Update for recent site change and fix first chapter

Recent site changes mean the keywords meta attribute doesn't have spaces after the comma. Also, sometimes the first chapter does not have a number. Was defaulting to "Chapter 1" but this works it out based on later chapters.
2026-01-02 22:23:52 +01:00 · 2021-03-21 19:32:55 +11:00 · 2021-03-21 19:32:55 +11:00 · 52ae3d1ec0
commit 52ae3d1ec0
parent 69b6fcc17b
1 changed files with 23 additions and 2 deletions
--- a/fanficfare/adapters/adapter_literotica.py
+++ b/fanficfare/adapters/adapter_literotica.py
@ -108,7 +108,7 @@ class LiteroticaSiteAdapter(BaseSiteAdapter):

    def getCategories(self, soup):
        if self.getConfig("use_meta_keywords"):
-            categories = soup.find("meta", {"name":"keywords"})['content'].split(', ')
+            categories = soup.find("meta", {"name":"keywords"})['content'].split(',')
            categories = [c for c in categories if not self.story.getMetadata('title') in c]
            if self.story.getMetadata('author') in categories:
                categories.remove(self.story.getMetadata('author'))
@ -228,6 +228,7 @@ class LiteroticaSiteAdapter(BaseSiteAdapter):
            descriptions = []
            ratings = []
            chapters = []
+            chapter_name_type = None
            while chapterTr is not None and 'sl' in chapterTr['class']:
                description = "%d. %s" % (len(descriptions)+1,stripHTML(chapterTr.findAll("td")[1]))
                description = stripHTML(chapterTr.findAll("td")[1])
@ -241,13 +242,16 @@ class LiteroticaSiteAdapter(BaseSiteAdapter):

                chapter_title = chapterLink.text
                if self.getConfig("clean_chapter_titles"):
-                    # logger.debug('\tChapter Name: "%s"' % chapterLink.string)
                    # logger.debug('\tChapter Name: "%s"' % chapterLink.text)
                    if chapterLink.text.lower().startswith(seriesTitle.lower()):
                        chapter = chapterLink.text[len(seriesTitle):].strip()
                        # logger.debug('\tChapter: "%s"' % chapter)
                        if chapter == '':
                            chapter_title = 'Chapter %d' % (self.num_chapters() + 1)
+                            # Sometimes the first chapter does not have type of chapter 
+                            if self.num_chapters() == 0:
+                                logger.debug('\tChapter: first chapter without chapter type')
+                                chapter_name_type = None
                        else:
                            separater_char = chapter[0]
                            # logger.debug('\tseparater_char: "%s"' % separater_char)
@ -259,14 +263,19 @@ class LiteroticaSiteAdapter(BaseSiteAdapter):
                                    chapter_title = 'Chapter %d' % int(chapter)
                                except:
                                    chapter_title = 'Chapter %s' % chapter
+                                chapter_name_type = 'Chapter' if chapter_name_type is None else chapter_name_type
+                                logger.debug('\tChapter: chapter_name_type="%s"' % chapter_name_type)
                            elif chapter.lower().startswith('pt.'):
                                chapter = chapter[len('pt.'):]
                                try:
                                    chapter_title = 'Part %d' % int(chapter)
                                except:
                                    chapter_title = 'Part %s' % chapter
+                                chapter_name_type = 'Part' if chapter_name_type is None else chapter_name_type
+                                logger.debug('\tChapter: chapter_name_type="%s"' % chapter_name_type)
                            elif separater_char in [":", "-"]:
                                chapter_title = chapter
+                                logger.debug('\tChapter: taking chapter text as whole')

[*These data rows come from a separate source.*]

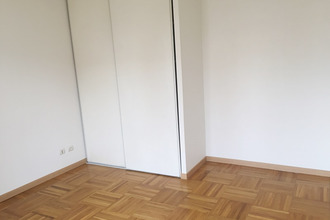 location appartement bois-colombes 92270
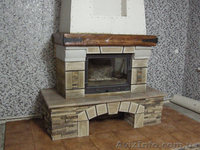 "Дизайн в камне" - <ro>Изображение</ro><ru>Изображение</ru> #1, <ru>Объявление</ru> #89728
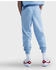Nike Club Fleece Jogger Kinder Blau FD3008-425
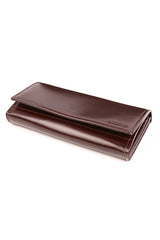 Cartera de mujer modelo 152121 Verosoft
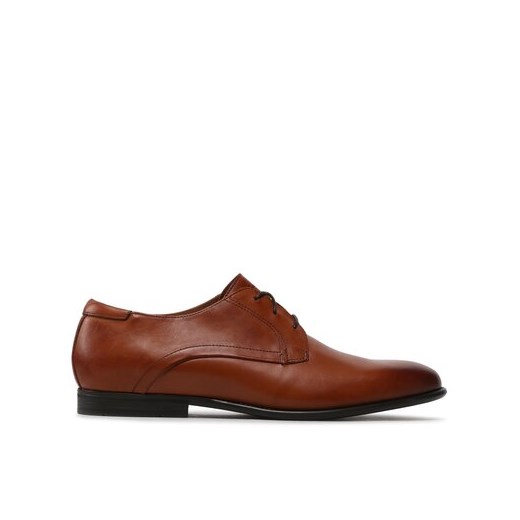 Buty eleganckie męskie Lasocki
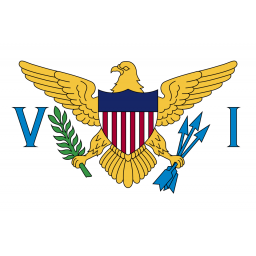 美属维京群岛U20队标,美属维京群岛U20图片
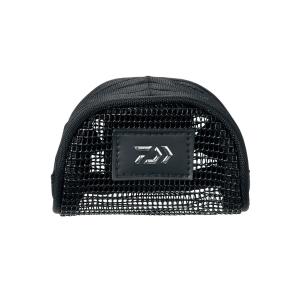 ダイワ☆友舟 RX-450W モスグリーン : 釣具マーケットYahoo!shopping店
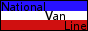 National Van Line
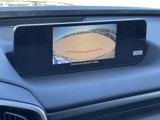 New 2025 MAZDA CX-50 AWD 2.5 Hybrid w/ Premium Pkg image 3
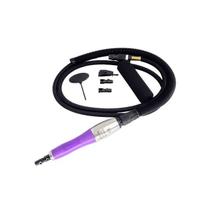 Lapidadora Profissional Turbo Curso Linear 0,2mm , 0,3 mm ou 0,7 mm.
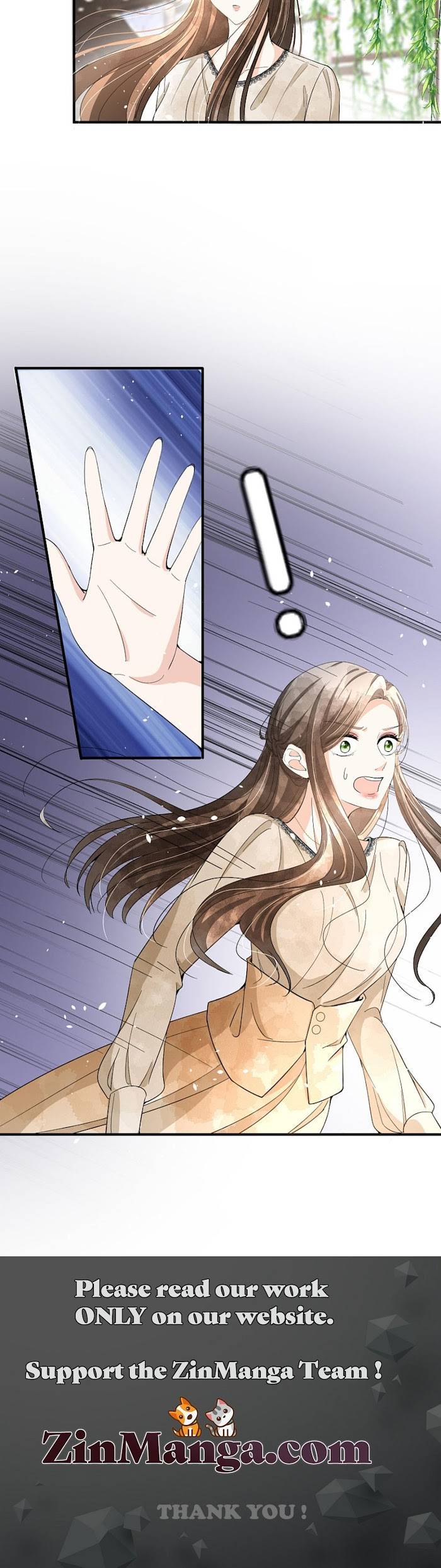 Page 18 of Chapter 125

                # pages include full URLs.
                chapurl = chapterLink['href']
@ -285,6 +294,18 @@ class LiteroticaSiteAdapter(BaseSiteAdapter):
                except:
                    pass

+            if self.getConfig("clean_chapter_titles") \
+                and chapter_name_type is not None \
+                and not chapters[0][0].startswith(chapter_name_type):
+                logger.debug('\tChapter: chapter_name_type="%s"' % chapter_name_type)
+                logger.debug('\tChapter: first chapter="%s"' % chapters[0][0])
+                logger.debug('\tChapter: first chapter number="%s"' % chapters[0][0][len('Chapter'):])
+                chapters[0] = ("%s %s" % (chapter_name_type, chapters[0][0][len('Chapter'):].strip()),
+                               chapters[0][1],
+                               chapters[0][2],
+                               chapters[0][3]
+                               )
+
            chapters = sorted(chapters, key=lambda chapter: chapter[3])
            for i, chapter in enumerate(chapters):
                self.add_chapter(chapter[0], chapter[1])